# Source for bulk moss found...



## Arklier (Mar 1, 2004)

...and it's where else? Ebay! I picked up 2 gallons of live sphagnum, 4 square feet of pillow moss, and 14 square feet of sheet moss for $80 shipped. I've got a lot of tanks to do. Just do a search for the term 'live moss' without the '.


----------



## Guest (Sep 3, 2005)

*moss*

its a shame but most of the moss on ebay is taken from the wild.


----------



## Arklier (Mar 1, 2004)

And you know this... how?

The seller I bought it from stated the moss is grown organically on her private property. Several other auctions were local to me (they just didn't have the particular type of moss I wanted), and I know the area where the people are living. There aren't any wild areas there. It's all developed.

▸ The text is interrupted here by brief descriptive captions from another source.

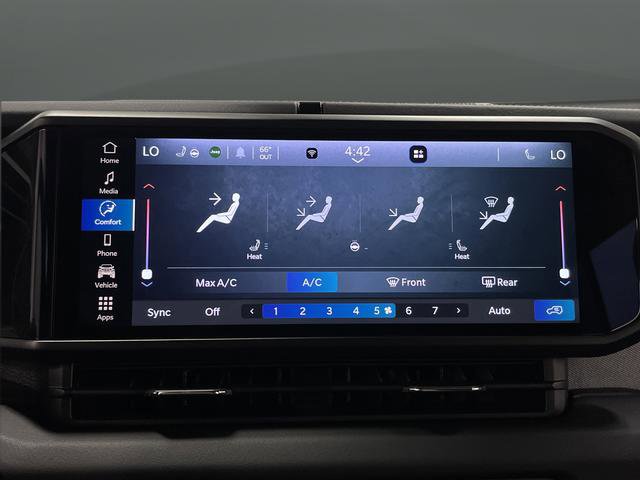 Used 2024 Jeep Wrangler Unlimited Sahara image 17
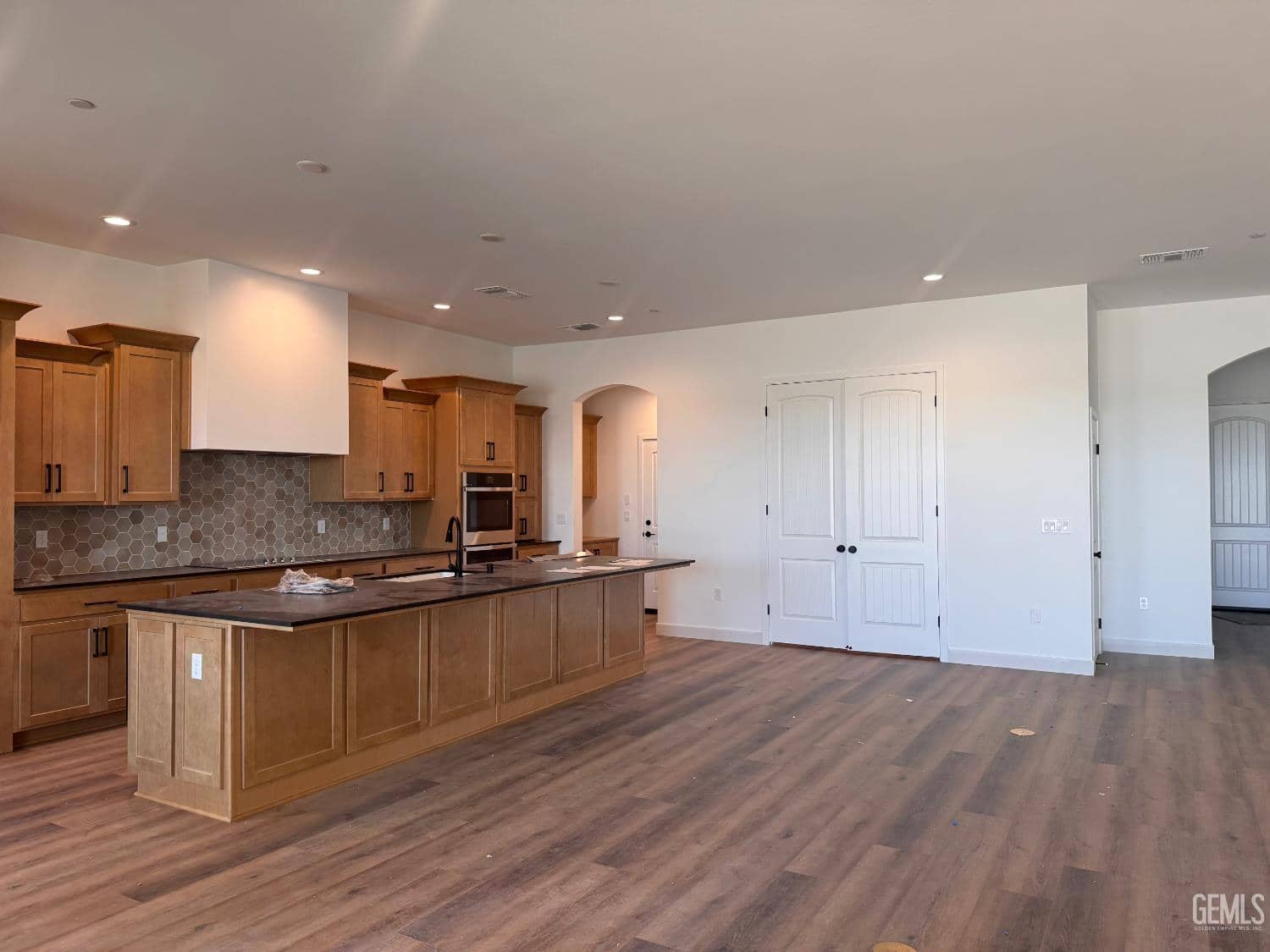 7121 Gladeview Lane — photo 3
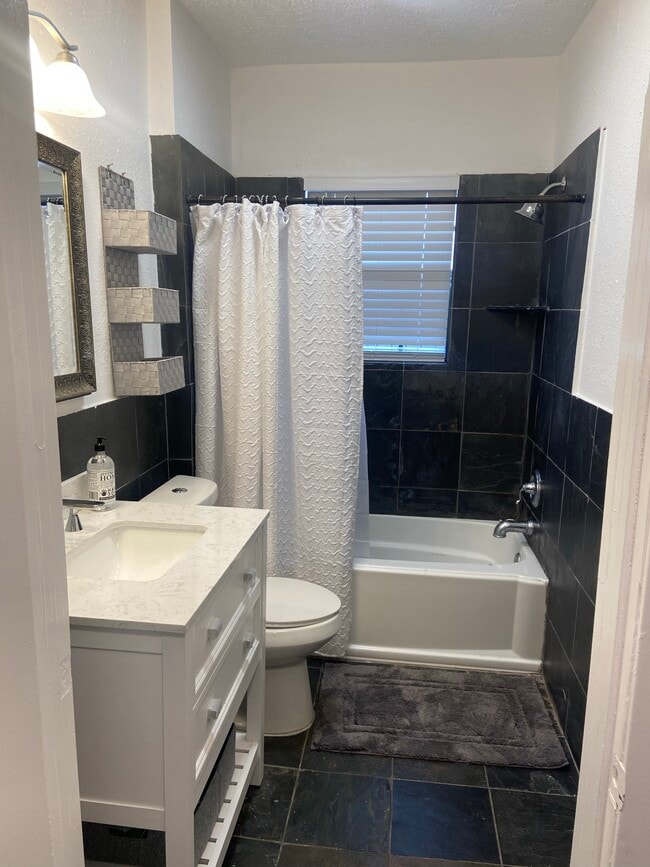 Building Photo - 2718 Cleburne St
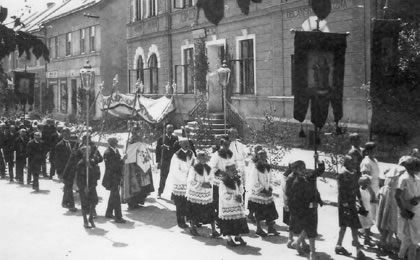 Průvod před Národním domem na svátek Božího Těla roku 1933 (1). 
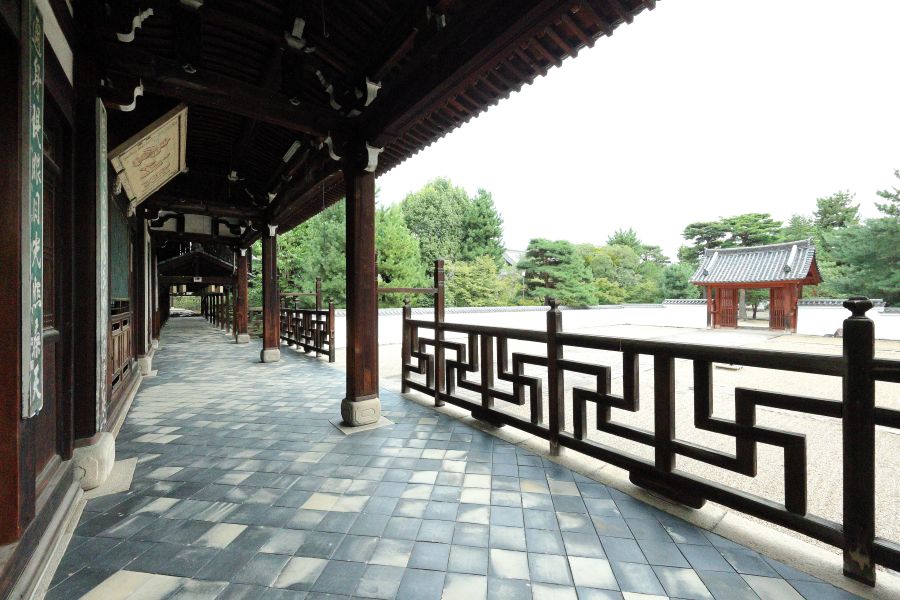 中国の明時代末期頃の様式が今も建物に息づいている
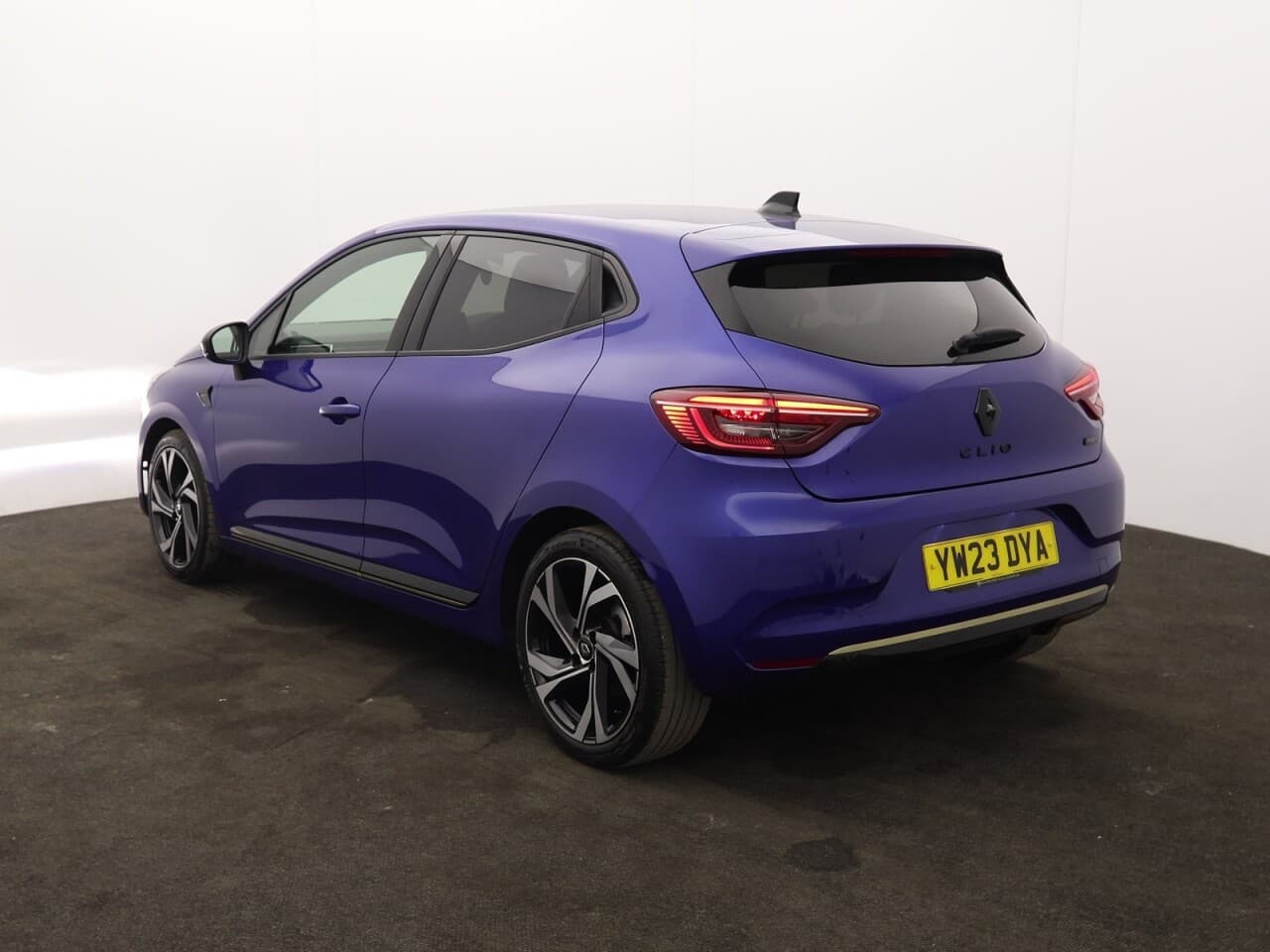 Renault Clio 1.6 E-TECH E-Tech engineered — image 8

Here's a dirty little secret: most of the moss sold to dart froggers doesn't come from the greenhouse or vivarium. I've seen lots of moss at NWFF, and if it was grown inside, I'd be surprised. Think about it. Do you really want moss that's grown in a vivarium with peoples' frogs in it? Possibly parasite infested frogs shitting on the moss you're going to put in your viv?


----------



## Guest (Sep 3, 2005)

*moss*

i didn't mean it as an attack on you and i did say *most* not all. its true though that alot of the stuff for sale on ebay is people who live in oregon tearing it out of the forests there. it was just a general comment not necessarily regarding your stuff. i didnt mean any offense.


----------



## Arklier (Mar 1, 2004)

Didn't take it as a personal attack, I'm just saying, don't jump to conclusions. There's plenty of posts here on Dendroboard that basically say, "I saw this really cool looking moss outside, so I took some of it. Will it grow in my viv?"


----------



## Dendro Dave (Aug 2, 2005)

Taking a couple square feet for personal use is alot different then ripping dozens to hundreds of square feet out of one or more areas to sell in mass to people. Just my 2 cents


----------



## Scott (Feb 17, 2004)

If they're selling in bulk - there is almost no doubt it is all wild collected.

s


----------



## JWerner (Feb 17, 2004)

Correct Scott. Sphagnum bogs are also dwindling quickly all across the US. It is a very specialized environment that, IOM, needs protecting. While many of us as froggers passionately protest illegal collecting of wild PDF's, purchasing live sphagnum moss, especially from someone on Ebay, is your own contribution to the habitat distruction of a very unique biotope. Rationalizing it by thinking it's only a few feet from someone selling on Ebay is not good. Not to mention their "organically grown" statement. I guess that 'hot labeling' is to make it more attractive, but the sad thing is that if they own this land their focus should be on maintaining and protecting something that is very unique rather than making a buck.


----------



## dartsanddragons (Jun 6, 2004)

*moss alternatives*

Hi I can't help but agree that most moss available is collected from sensitive areas and that if it continues at the current rate these natural areas will no longer be attractive to the animals that live there. I am sure that there are many attractive alternatives that we all use every day "leaves" that are renewable at little or no cost maybe a post to point out these obtion is the best way to reduce the harvesting from the wild?


Scott


----------



## Dancing frogs (Feb 20, 2004)

Yeah, I would have to agree, most moss is wild collected...take a look at the premium pillow moss and what it is growing on, that will give you a clue.
Live spagnum doesn't have to be destructive, I can go pick as much as I want at Mom +Dads swamp(s) and by the time I need more, guess what, there is more.


----------



## Guest (Sep 4, 2005)

*moss*

they do grow kyoto moss in bulk in japan on sterilised soil in greenhouses but the thing is if it was "organically grown" on somebodys property its probably not because they made it grow there its just part of the natural eco-stystem so by selling it its causing harm. if anybody does want bulk moss i can strongly recommend growing kyoto moss yourself. its easy.


----------



## Arklier (Mar 1, 2004)

*Re: moss*



Louis said:


> they do grow kyoto moss in bulk in japan on sterilised soil in greenhouses but the thing is if it was "organically grown" on somebodys property its probably not because they made it grow there its just part of the natural eco-stystem so by selling it its causing harm. if anybody does want bulk moss i can strongly recommend growing kyoto moss yourself. its easy.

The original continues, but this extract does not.